Per conoscere uno dei più singolari i vini bianchi bisogna invece dirigersi a Strongoli, nel Crotonese. La Pizzuta del Principe non è una storia di numeri, ettari e fatturati, ma di donne e uomini, generazioni che lavorano con passione la vigna, dalla potatura alla vendemmia. Zona di uva a bacca bianca Pecorello, da cui si ottiene Molarella, Val di Neto IGT, vino dorato, potenti al naso la ginestra e la zagara, anche degno di invecchiamento sino ai 5 anni per un palato che vira verso la nocciola.

Storicamente presente in Calabria, lo Zibibbo ha trovato casa a Francavilla Angitola, nel Vibonese, tra le vigne del giovane Giovanni Celeste Benvenuto. Intenso e complesso al naso, moderatamente aromatico con note finissime di bergamotto e fiori d’acacia, possiede buon grado alcolico, secco e fresco.

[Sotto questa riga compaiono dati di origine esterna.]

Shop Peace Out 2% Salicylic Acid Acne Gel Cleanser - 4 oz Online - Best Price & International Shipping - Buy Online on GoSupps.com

Sempre nel Vibonese, a Nicotera, va ricordata la famiglia Comerci, che dall’Ottocento lavora nel mondo enoico. Domenicantonio Silipo, quarta generazione di vigneron, predilige Magliocco Canino e Greco Bianco, coltivati in regime d’agricoltura biologica. Da quest’ultimo Rèfulu, dall’impatto odoroso di camomilla e ortica. Morbido, in bocca, sul finale.
Da raccontare, in un prossimo appuntamento, i vini di Calabria da uve appassite e la nuova frontiera dedicata ai rosati e agli spumanti metodo classico ottenuti con uve locali.